___ DATA FOR THIS TASK ___
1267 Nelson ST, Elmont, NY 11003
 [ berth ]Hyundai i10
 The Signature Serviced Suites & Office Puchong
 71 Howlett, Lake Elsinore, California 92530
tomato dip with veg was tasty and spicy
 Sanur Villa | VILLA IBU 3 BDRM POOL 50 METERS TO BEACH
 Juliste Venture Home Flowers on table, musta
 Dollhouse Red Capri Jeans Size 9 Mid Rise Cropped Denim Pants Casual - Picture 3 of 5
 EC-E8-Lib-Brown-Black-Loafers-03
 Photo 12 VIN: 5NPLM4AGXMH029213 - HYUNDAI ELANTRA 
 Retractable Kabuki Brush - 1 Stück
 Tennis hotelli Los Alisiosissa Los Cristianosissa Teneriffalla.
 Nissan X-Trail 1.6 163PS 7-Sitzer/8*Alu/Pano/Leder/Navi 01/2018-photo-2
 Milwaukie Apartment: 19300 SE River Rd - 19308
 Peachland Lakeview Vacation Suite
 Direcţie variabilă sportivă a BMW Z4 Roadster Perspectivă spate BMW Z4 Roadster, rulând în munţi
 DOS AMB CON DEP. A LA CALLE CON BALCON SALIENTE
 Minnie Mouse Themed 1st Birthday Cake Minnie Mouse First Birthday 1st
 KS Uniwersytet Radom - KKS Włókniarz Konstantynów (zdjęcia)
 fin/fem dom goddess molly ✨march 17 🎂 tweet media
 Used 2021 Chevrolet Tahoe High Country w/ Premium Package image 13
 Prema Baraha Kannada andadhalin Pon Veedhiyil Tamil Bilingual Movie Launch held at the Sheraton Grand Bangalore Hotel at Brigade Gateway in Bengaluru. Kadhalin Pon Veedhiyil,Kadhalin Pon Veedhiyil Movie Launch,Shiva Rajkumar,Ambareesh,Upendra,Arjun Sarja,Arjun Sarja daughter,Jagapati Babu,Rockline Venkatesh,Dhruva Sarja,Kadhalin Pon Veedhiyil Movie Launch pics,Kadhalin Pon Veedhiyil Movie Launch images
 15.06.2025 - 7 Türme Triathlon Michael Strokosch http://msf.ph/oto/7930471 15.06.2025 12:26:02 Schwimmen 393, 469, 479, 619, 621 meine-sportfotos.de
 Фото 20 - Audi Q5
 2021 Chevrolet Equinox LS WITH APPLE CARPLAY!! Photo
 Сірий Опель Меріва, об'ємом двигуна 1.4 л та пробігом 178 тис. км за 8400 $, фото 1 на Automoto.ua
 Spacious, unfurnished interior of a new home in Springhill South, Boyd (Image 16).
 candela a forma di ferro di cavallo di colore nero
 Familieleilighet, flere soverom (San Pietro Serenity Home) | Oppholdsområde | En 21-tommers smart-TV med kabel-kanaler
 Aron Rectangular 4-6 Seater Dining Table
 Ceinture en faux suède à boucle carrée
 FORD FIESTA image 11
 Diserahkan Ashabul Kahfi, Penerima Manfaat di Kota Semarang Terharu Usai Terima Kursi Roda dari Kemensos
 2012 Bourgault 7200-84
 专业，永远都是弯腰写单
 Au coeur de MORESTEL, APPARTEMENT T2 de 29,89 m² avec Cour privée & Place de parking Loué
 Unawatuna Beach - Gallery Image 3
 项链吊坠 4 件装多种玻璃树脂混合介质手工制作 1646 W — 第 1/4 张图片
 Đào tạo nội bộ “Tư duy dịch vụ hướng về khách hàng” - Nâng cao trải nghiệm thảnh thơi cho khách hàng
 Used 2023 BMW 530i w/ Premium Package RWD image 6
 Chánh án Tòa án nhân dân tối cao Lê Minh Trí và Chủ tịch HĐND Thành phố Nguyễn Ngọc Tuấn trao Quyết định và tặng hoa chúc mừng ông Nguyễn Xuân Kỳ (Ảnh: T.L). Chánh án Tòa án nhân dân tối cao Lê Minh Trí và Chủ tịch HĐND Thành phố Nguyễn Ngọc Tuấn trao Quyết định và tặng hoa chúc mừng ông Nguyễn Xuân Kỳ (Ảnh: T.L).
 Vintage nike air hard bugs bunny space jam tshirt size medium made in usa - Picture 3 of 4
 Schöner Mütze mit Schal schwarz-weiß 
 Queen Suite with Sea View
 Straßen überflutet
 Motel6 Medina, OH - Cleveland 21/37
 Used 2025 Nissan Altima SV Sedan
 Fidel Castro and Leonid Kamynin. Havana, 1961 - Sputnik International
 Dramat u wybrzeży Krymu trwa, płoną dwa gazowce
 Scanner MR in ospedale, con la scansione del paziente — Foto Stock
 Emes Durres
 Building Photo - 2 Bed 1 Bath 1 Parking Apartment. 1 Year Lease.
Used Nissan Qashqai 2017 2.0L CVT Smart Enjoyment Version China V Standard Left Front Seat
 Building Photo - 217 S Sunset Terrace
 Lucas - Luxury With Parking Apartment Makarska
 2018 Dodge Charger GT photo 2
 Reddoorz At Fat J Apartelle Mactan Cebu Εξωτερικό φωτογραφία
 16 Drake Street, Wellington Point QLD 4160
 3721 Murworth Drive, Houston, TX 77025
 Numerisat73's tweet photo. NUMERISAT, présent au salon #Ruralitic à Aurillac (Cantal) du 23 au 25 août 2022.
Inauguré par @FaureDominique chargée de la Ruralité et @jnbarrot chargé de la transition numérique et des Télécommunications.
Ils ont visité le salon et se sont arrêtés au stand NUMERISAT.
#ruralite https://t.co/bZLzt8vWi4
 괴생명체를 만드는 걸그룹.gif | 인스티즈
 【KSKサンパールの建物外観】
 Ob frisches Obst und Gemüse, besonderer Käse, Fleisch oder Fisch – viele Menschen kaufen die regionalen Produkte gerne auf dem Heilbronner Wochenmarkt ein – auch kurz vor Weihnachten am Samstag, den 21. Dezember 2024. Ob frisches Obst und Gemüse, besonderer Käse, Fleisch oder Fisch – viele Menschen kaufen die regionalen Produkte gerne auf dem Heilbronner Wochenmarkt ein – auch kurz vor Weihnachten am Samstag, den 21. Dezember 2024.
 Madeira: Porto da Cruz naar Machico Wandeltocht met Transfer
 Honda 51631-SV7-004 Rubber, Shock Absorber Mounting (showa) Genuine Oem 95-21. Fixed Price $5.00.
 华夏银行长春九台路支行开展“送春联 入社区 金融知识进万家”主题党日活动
___
= EXERCISE REQUIREMENTS =
What goes in the answer is the run of lines from the one holding "Honda 51631-SV7-004 Rubber, Shock" to the end of the entries, reproduced exactly and with nothing else.

= ANSWER BELOW =
 Honda 51631-SV7-004 Rubber, Shock Absorber Mounting (showa) Genuine Oem 95-21. Fixed Price $5.00.
 华夏银行长春九台路支行开展“送春联 入社区 金融知识进万家”主题党日活动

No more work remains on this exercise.